BLBG: Soybeans, Corn Climb for Second Day Before USDA Supply Report
By Luzi Ann Javier
Feb. 9 (Bloomberg) -- Soybeans and corn rose for a second day in Chicago on speculation investors are ending bets on lower prices before today’s supply-and-demand forecast by the U.S. Department of Agriculture.
Soybeans for March delivery added 0.9 percent to $9.38 a bushel in electronic trading on the Chicago Board of Trade at 11:54 a.m. Paris time, paring a gain of as much as 1 percent. Before this week, the oilseed had slid 13 percent this year. The USDA is scheduled to give its latest outlook in Washington.
Hedge funds and other large speculators held short positions, or bets prices will fall, in 76,529 soybean futures and options contracts as of Feb. 2, according to U.S. Commodity Futures Trading Commission data. That’s the most since October 2006. Short positions in corn rose to 146,376 contracts, the highest level since September.
“We’re just seeing short-covering before the USDA releases its forecast,” Tetsu Emori, a commodity fund manager at Astmax Co., said by phone from Tokyo today. “The grain market is oversold, so there’s no more room for prices to go down.”
Corn for March delivery was up 0.7 percent at $3.585 a bushel after adding as much as 0.8 percent earlier.

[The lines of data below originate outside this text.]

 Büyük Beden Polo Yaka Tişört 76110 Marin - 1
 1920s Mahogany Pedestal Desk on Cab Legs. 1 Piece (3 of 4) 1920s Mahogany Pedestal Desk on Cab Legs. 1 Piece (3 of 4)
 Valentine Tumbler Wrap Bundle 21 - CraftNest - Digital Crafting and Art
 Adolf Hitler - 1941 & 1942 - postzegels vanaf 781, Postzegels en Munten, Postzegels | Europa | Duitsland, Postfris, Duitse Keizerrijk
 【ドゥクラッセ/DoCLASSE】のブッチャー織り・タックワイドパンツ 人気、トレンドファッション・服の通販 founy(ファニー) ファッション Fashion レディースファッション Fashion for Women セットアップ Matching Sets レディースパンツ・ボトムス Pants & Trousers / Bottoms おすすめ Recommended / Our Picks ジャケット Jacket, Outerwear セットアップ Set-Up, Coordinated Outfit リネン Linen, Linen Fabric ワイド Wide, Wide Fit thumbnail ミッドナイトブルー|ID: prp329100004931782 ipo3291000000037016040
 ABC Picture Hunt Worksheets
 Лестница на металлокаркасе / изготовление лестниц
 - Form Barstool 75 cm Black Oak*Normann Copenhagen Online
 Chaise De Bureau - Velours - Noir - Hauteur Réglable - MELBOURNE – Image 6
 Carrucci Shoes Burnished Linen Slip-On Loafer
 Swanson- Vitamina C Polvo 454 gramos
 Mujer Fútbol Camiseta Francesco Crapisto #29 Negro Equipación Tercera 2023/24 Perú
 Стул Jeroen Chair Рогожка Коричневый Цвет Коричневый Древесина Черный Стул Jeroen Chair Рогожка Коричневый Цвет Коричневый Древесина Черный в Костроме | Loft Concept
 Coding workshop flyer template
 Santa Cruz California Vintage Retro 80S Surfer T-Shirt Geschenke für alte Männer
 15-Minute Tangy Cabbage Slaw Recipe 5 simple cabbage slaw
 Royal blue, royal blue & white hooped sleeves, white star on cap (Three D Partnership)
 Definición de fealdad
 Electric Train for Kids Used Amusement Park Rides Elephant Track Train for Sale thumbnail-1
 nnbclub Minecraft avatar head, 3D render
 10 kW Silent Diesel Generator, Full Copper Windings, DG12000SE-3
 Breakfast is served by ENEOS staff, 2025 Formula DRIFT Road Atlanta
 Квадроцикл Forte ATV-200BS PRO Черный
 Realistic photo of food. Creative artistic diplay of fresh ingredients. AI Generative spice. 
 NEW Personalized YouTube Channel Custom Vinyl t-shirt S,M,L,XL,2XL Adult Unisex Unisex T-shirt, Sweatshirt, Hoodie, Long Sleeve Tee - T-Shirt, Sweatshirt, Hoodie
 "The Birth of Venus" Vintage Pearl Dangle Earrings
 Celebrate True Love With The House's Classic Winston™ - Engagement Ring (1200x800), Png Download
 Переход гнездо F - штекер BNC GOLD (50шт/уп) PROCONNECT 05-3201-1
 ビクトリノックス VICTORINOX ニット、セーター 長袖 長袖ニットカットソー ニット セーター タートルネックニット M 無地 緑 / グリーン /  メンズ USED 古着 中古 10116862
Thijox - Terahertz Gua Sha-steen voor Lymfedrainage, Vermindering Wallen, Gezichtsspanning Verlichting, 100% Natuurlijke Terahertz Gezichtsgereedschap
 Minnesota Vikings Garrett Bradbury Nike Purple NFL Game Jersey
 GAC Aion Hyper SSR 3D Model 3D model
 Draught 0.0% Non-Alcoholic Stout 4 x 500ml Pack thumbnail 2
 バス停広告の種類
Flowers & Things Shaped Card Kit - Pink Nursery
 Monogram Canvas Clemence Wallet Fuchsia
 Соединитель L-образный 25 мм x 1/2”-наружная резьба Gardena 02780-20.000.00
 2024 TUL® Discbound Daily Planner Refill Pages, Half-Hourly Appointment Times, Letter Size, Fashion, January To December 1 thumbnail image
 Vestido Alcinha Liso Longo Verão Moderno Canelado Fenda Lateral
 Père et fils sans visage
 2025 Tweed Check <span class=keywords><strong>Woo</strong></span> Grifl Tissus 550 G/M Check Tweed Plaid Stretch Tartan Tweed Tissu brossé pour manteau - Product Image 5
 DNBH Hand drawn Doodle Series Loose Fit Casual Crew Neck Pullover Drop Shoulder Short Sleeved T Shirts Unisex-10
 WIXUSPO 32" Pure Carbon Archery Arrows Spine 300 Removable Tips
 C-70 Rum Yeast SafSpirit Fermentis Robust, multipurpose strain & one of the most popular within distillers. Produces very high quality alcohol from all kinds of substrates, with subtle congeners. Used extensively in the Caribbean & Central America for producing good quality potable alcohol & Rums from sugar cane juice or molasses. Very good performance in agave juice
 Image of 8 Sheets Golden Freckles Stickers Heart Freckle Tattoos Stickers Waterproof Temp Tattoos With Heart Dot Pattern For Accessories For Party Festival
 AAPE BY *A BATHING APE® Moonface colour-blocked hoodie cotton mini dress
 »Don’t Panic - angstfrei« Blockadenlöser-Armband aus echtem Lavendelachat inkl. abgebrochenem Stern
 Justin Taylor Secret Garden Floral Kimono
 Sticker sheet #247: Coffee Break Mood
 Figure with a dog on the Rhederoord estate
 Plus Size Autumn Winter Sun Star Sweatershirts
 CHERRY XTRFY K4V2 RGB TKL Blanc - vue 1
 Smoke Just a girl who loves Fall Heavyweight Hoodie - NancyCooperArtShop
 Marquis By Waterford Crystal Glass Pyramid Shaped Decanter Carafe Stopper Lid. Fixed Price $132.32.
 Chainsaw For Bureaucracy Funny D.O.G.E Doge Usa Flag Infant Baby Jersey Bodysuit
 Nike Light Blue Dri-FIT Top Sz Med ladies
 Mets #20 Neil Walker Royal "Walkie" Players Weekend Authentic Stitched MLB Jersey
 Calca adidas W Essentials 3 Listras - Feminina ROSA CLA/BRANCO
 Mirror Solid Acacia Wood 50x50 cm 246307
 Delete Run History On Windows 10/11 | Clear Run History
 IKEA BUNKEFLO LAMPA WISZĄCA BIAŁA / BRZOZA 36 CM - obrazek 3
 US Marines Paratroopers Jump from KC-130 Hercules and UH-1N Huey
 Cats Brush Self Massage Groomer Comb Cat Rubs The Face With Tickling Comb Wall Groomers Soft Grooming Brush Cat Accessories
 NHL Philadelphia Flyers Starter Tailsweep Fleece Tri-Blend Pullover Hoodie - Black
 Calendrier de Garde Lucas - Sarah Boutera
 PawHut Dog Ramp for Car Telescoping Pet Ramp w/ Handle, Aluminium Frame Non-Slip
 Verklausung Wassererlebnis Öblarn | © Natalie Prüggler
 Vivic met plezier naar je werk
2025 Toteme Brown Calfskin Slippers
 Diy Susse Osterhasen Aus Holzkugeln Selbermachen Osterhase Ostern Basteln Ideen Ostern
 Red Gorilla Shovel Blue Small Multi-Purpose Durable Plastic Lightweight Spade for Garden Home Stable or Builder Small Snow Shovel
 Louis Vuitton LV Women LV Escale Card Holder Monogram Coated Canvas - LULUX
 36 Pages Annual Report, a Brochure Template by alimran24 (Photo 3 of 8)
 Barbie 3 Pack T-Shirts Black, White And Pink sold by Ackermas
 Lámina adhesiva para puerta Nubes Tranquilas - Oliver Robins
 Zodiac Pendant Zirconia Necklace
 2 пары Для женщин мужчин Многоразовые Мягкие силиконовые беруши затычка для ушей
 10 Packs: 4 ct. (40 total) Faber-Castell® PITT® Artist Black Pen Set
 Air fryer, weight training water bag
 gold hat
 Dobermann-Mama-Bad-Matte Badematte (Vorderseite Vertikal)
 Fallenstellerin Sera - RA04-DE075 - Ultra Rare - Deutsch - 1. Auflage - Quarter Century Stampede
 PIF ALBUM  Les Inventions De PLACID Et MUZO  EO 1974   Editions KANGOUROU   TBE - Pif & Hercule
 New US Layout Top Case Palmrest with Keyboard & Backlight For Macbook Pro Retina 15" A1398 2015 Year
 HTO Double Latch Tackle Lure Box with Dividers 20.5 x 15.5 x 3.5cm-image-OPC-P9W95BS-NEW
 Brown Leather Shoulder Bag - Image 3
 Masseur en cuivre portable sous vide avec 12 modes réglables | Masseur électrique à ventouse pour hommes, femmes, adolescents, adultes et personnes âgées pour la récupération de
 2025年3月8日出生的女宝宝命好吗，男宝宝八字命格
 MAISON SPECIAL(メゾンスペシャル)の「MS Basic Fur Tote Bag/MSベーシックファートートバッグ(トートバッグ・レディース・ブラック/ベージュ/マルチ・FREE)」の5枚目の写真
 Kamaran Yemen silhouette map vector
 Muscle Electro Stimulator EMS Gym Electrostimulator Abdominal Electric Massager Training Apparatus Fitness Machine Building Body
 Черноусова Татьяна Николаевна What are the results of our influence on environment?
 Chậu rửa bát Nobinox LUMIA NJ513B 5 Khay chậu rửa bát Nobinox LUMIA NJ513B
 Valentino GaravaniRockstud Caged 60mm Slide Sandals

The grain gained 1.3 percent yesterday after previously sliding 15 percent this year through Feb. 5.
Milling Wheat
Prices climbed “on short-covering in an oversold market,” Paris-based farm adviser Agritel said in a market comment.
Wheat for March delivery was little changed at $4.8425 a bushel, paring a gain of as much as 0.5 percent. Milling wheat for delivery in March traded on Liffe in Paris slipped 0.4 percent to 125.50 euros ($172.10) a metric ton.
“There’s very good supply and not so strong demand,” Astmax’s Emori said. “It’s a little bit difficult to sustain the price at a higher level.”
Russia’s total grain exports may rise 17 percent to 1.6 million tons this month from a year earlier, grain hauler ZAO Rusagrotrans said yesterday. Russia, the world’s third-largest wheat exporter, is forecast to ship 18 million tons this year, according to the USDA.
Outbound shipments of wheat, corn and barley from the country jumped 52 percent to 1.54 million tons in January, Moscow-based Rusagrotrans said.
World wheat production in the year ending in June will be 675.5 million tons, up from a previous estimate of 674 million tons, researcher F.O. Licht said yesterday.
The volume of wheat for export inspected at U.S. ports fell 5.5 percent to 16.9 million bushels in the week ended Feb. 4 from a week earlier, according to the USDA. Corn fell 31 percent to 27.1 million bushels and soybeans declined 9 percent to 39.6 million bushels, the agency said.